Insofar as indemnification for liabilities arising under the Securities Act of 1933, as amended, may be permitted to directors, officers or persons controlling the Registrant pursuant to the foregoing provisions, the Registrant has been informed that in the opinion of the Securities and Exchange Commission such indemnification is against public policy as expressed in the Securities Act, and is therefore unenforceable.

Item 7. Exemption from Registration Claimed.

 Not applicable.

Item 8. Exhibits.

 A list of exhibits included as part of this registration statement is set forth in the Exhibit Index to this registration statement.

Item 9. Undertakings

(a) The undersigned registrant hereby undertakes:

 (1)  To file, during any period in which offers or sales are being made, a post-effective amendment to this registration statement:

(i) To include any prospectus required by section 10(a)(3) of the Securities Act of 1933;

(ii) To reflect in the prospectus any facts or events arising after the effective date of this registration statement (or the most recent post-effective amendment hereof) which, individually or in the aggregate, represent a fundamental change in the information set forth in this Registration Statement;

(iii) To include any material information with respect to the plan of distribution not previously disclosed in this registration statement or any material change to such information in this registration statement;

provided, however, that paragraphs (a)(1)(i) and (a)(1)(ii) do not apply if the registration statement is on Form S-8 and if the information required to be included in a post-effective amendment by those paragraphs is contained in reports filed with or furnished to the Securities and Exchange Commission by the registrant pursuant to Section 13 or Section 15(d) of the Securities Exchange Act of 1934 that are incorporated by reference into this registration statement.
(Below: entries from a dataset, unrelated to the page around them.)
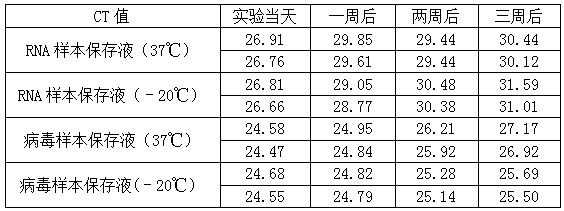 simgen-病毒樣本保存液-RNA樣本保存液-Carrier RNA-2×One Step Probe RT-PCR Mix-CT值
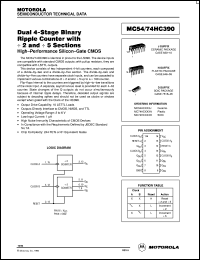 Click here to download MC74HC390D Datasheet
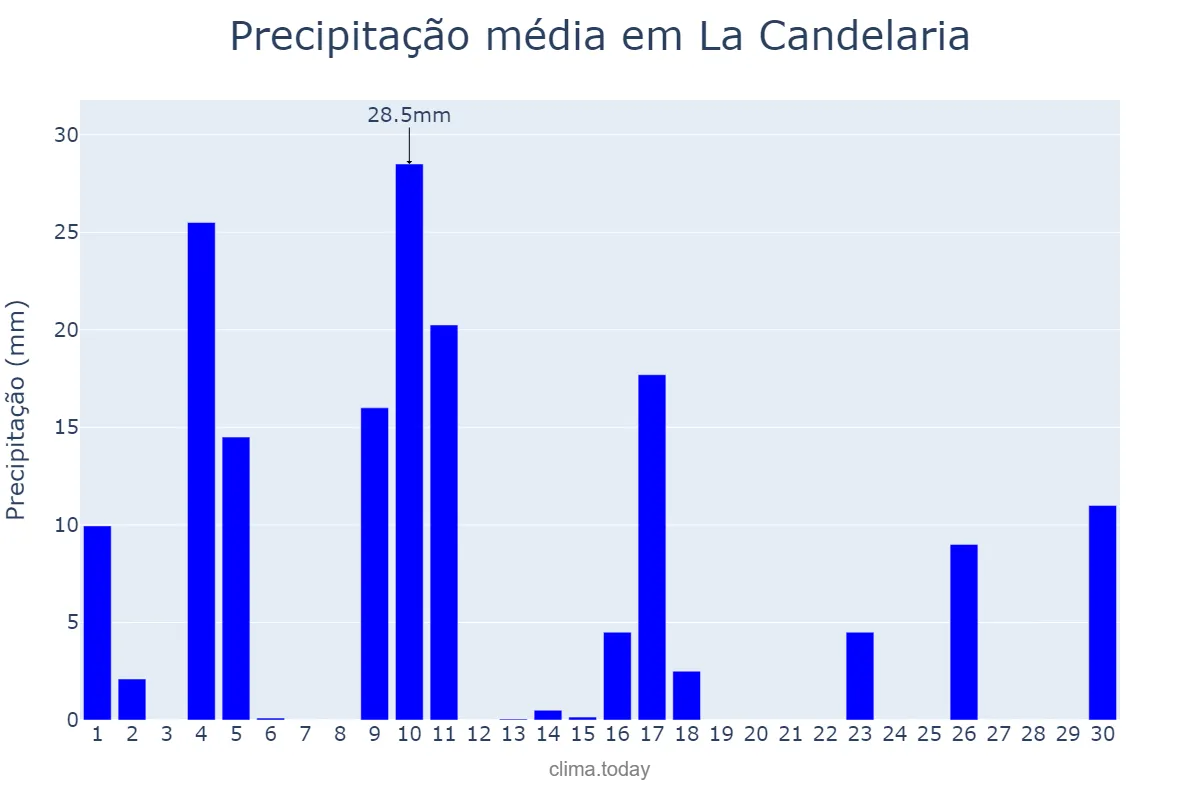 Precipitação em novembro em La Candelaria, Salta, AR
 (2) That, for the purpose of determining any liability under the Securities Act of 1933, each such post-effective amendment shall be deemed to be a new registration statement relating to the securities offered therein, and the offering of such securities at that time shall be deemed to be the initial bona fide offering thereof.

 (3) To remove from registration by means of a post-effective amendment any of the securities being registered which remain unsold at the termination of the offering.

 (b) The undersigned registrant hereby undertakes that, for purposes of determining any liability under the Securities Act of 1933, each filing of the registrant's annual report pursuant to Section 13(a) or Section 15(d) of the Securities Exchange Act of 1934 (and, where applicable, each filing of an employee benefit plan's annual report pursuant to section 15(d) of the Securities Exchange Act of 1934) that is incorporated by reference in this registration statement shall be deemed to be a new registration statement relating to the securities offered therein, and the offering of such securities at that time shall be deemed to be the initial bona fide offering thereof.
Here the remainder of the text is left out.